Anatomy of a Wiki Article

Let’s say you’ve decided to edit the article on American physician, dean, teacher, and advocate Marion Spencer Fay. If you’re logged in, the page will look like this. You can use the tabs across the top to view the article’s “talk” page, where Wikipedians discuss the article’s contents, its “edit” page, where you can make changes to the contents, and its “history” page, where you can revisit all previous edits to the article and compare changes across edits.

Wikipedia article on Marion Spencer Fay showing tabs across the top

Previous editors have flagged this article as one that needs improvement. Here’s a chance for us to help make Wikipedia better!

Click “edit” to begin editing

After you click “edit”, you’ll see the article content in wikitext. In the graphic below, the orange boxes separate the wikitext for the “Multiple issues” warning, the “Infobox” that appears on the published article’s right side, and the beginning of the article text.
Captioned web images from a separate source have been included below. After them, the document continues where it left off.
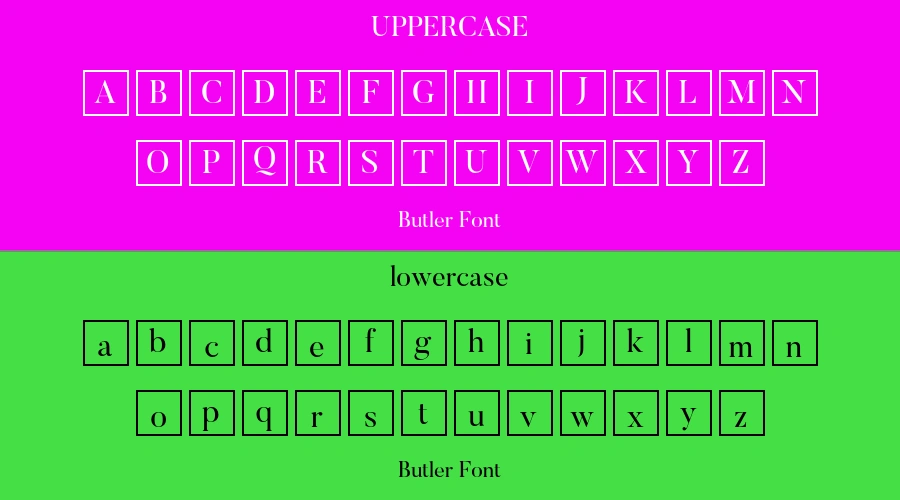 Butler Font Preview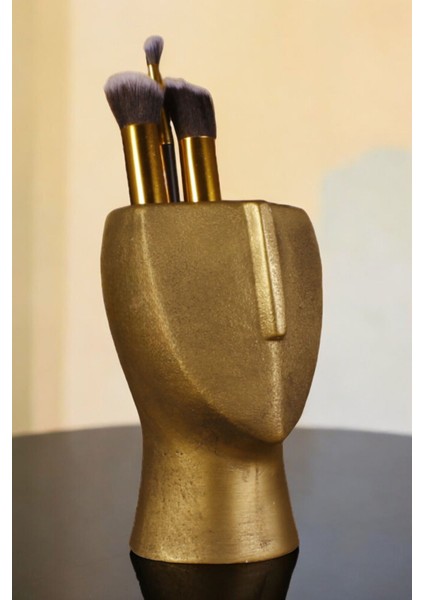 Makyaj Duzenleyici Makyaj Organizeri Makyaj Fırçalığı Makyaj Fırçası Altın Eskitme Renk Model 23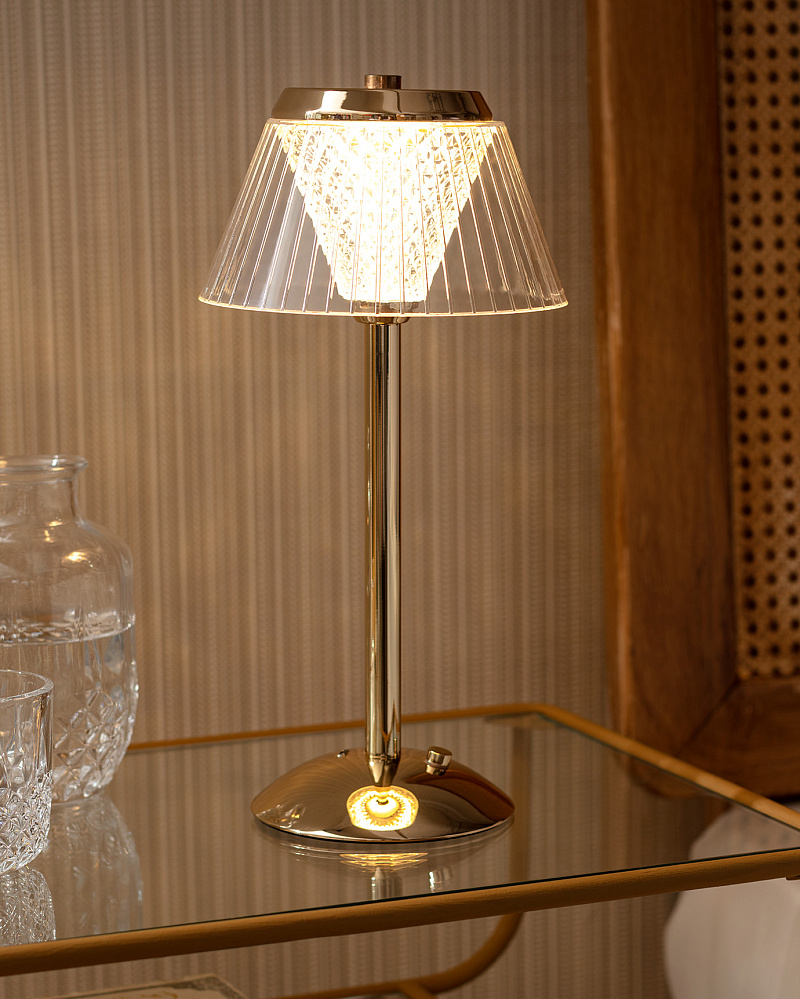 Настольная лампа Andre Touch 15x15x30,5 см, алюминий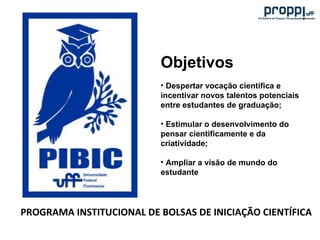 A pesquisa na uff e os programas da proppi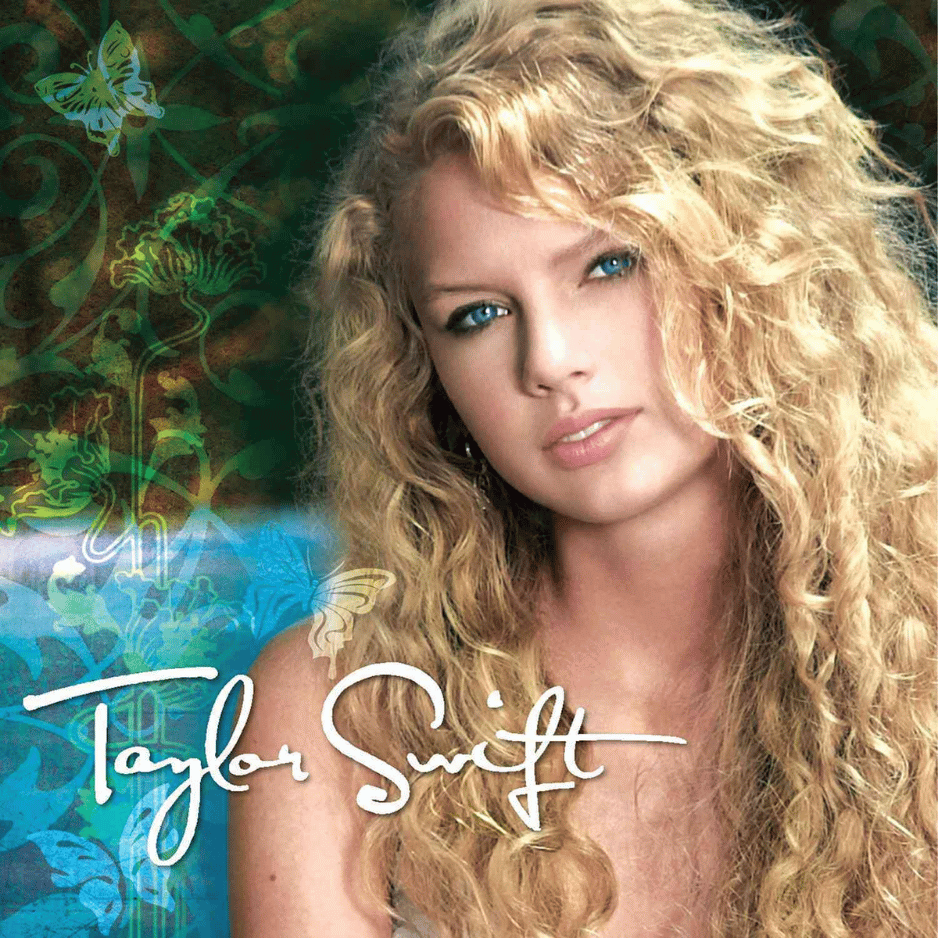 Taylor Swiftโs debut album cover, an early country contender for the best Taylor Swift album.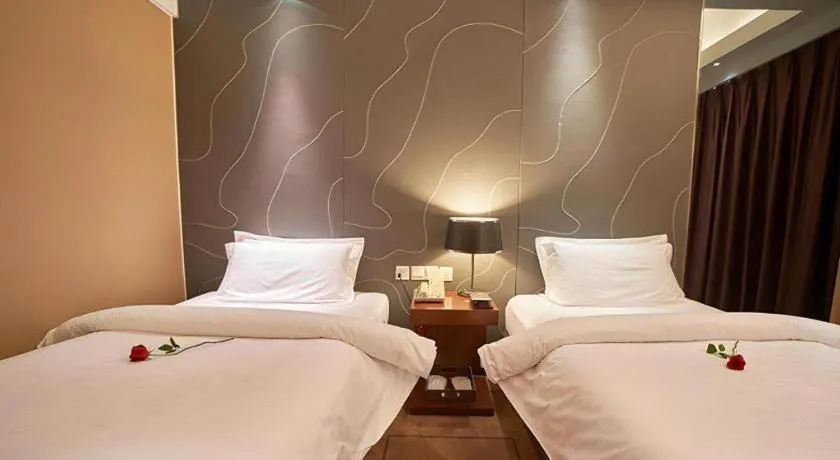 Bed in Metropolo Hotel Shijiazhuang Yuhua Wanda Plaza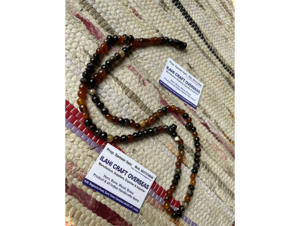 Tasbih/Misbaha de 99 cuentas de cuerno de búfalo redondo pulido, rústico, islámico, moderno, ecológico, religioso de ILAHI, Uttar Pradesh - Product Image 3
Note the tripled single-quotes around Fay’s name to format it as bold and the doubled equal signs around “Legacy” to format it as a level-2 heading.

Edit interface for Marion Spencer Fay page on Wikipedia

Preview, describe, and submit changes

At the bottom of the editing interface, you’ll see buttons to preview your changes and make sure they look the way you intend them to, describe your changes in an “edit summary” so other Wikipedians can easily understand what you did, and publish your changes.

When you publish your changes, they will be visible to anyone in the world who goes to this page on Wikipedia!